Mês passado, o jornal Quartz publicou uma comparação entre o brasileiro e o presidente norte-americano, que também era tido como candidato improvável nas eleições à Casa Branca em 2016. “A eleição de Trump ensinou aos norte-americanos que qualquer candidato, não importa de que forma ele pareça, deve ser levado a sério por todos antes que seja tarde demais”, diz o texto.

A publicação ainda diz que o brasileiro se compara com outros candidatos de extrema-direita. “Da mesma forma que a oposição está tentando sufocar o movimento de Le Pen na França, eles estão tentando prejudicar minhas chances em 2018”, ressaltou Bolsonaro em entrevista.

Mais recentemente, o diário norte-americano The Huffington Post publicou uma matéria sobre a crise da corrupção que assola a política do Brasil, avaliando que a condenação e possível prisão de um ex-presidente, potencial candidato para as eleições do próximo ano, levará o país a uma crise ainda maior. De acordo com Post, quem pode estar em posição de capitalizar com a queda de Lula é Jair Bolsonaro.

“Existe a preocupação de que essas forças autoritárias possam se aproveitar desta situação”, disse Bruno Brandão, gerente de país da Transparência Internacional´- uma organização sem fins lucrativos de combate à corrupção – ao Huffington Post. “Por todo o significado global das crises em curso no Brasil, este é o principal motivo de preocupação para o Brasil”, finaliza.

Pesquisa

A última pesquisa do Datafolha, publicada em 26 de junho deste ano, destaca a colocação de Jair Bolsonaro e Marina Silva (Rede) em segundo lugar na disputa pela liderança, que está ocupada pelo ex-presidente Luiz Inácio Lula da Silva (PT) nos cenários de 1º turno da eleição presidencial de 2018.

A pesquisa aponta ainda que o deputado pelo PSC também se destaca entre os mais jovens (tem 23% das intenções de voto, ante 32% de Lula e 18% de Marina). E em classes onde a renda familiar varia de 2 a 10 salários, Bolsonaro ganha terreno: na parcela com renda família de 2 a 5 salários, ele tem 20%, ante 24% de Lula e 16% de Marina. Entre quem tem renda de 5 a 10 salários, Bolsonaro vai a 25%, à frente de Lula (19%) e Marina (10%). Entre os mais ricos, com renda mensal familiar superior a 10 salários, ele tem 20%, ante 12% de Lula e 8% de Marina.

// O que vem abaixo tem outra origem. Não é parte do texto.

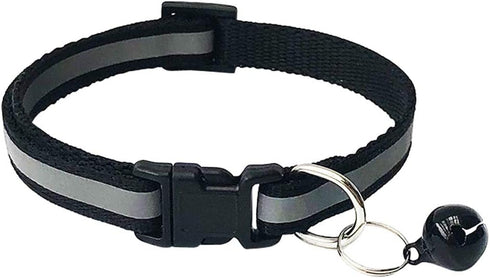 CHBORCHICEN 2-Pack Adjustable Footprint & Reflective Cat Collar with Bell - Basic Dog Cat Collar (Small, Black)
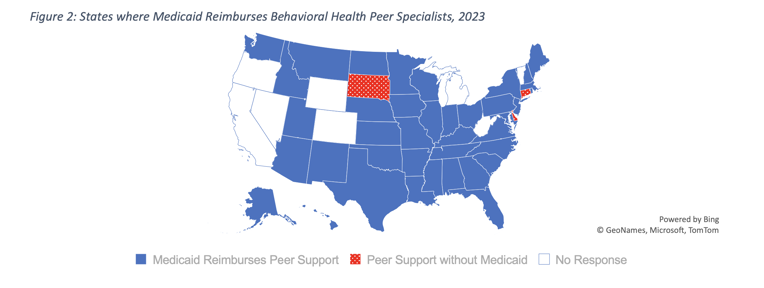 States where Medicaid Reimburses Behavioral Health Peer Specialists, 2023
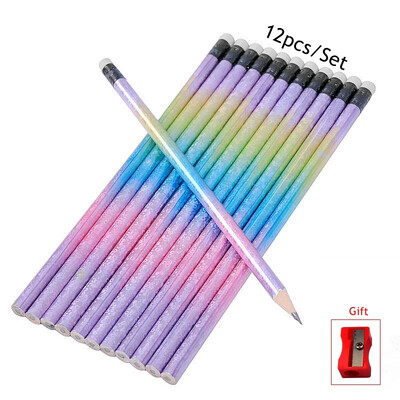12 ΤΕΜ Starry Sky Rainbow Pencil HB Gradient Cute Pencils Πολύχρωμο Σετ μολύβι σχεδίου για Παιδιά Μαθητικά Σκίτσο Σχολικά Προμήθειες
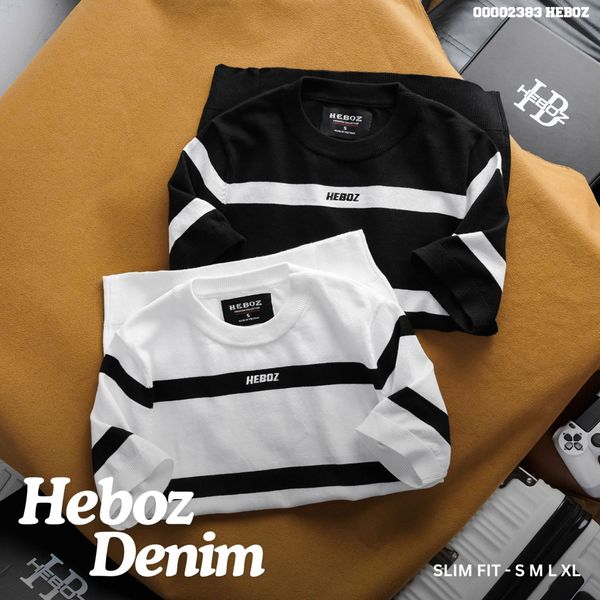  Áo len nam Heboz dệt kim sọc ngang 2M - 00002383 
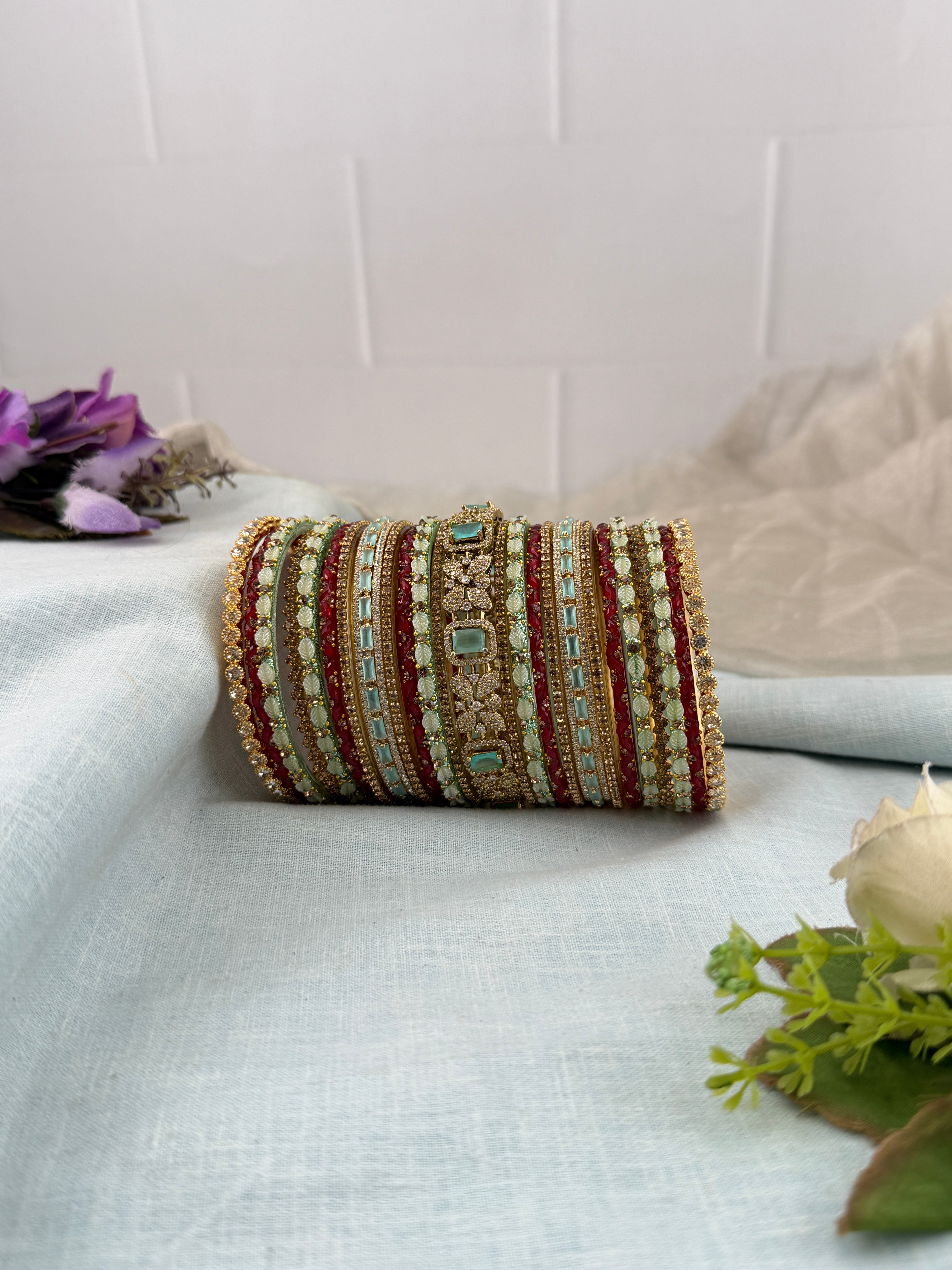 Luxurious Antique & Victorian Stone Bridal Bangle Set - 5329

“Dado o aumento nas pesquisas, e algumas bandeiras defendidas pelo deputado, é óbvio que há certo conservadorismo em parte do eleitor. Sempre houve uma preocupação, inclusive de candidatos considerados viáveis, de ter uma postura mais cautelosa com assuntos polêmicos. Quando as pessoas assumem um radicalismo, seja para um lado quanto para o outro, é porque existe uma parcela da sociedade que mostra aderência. No mínimo, o assunto ganha espaço e evidência, e isso acaba encorajando discursos similares ao dele, ainda que de forma tímida”, finalizou Cristiano Noronha.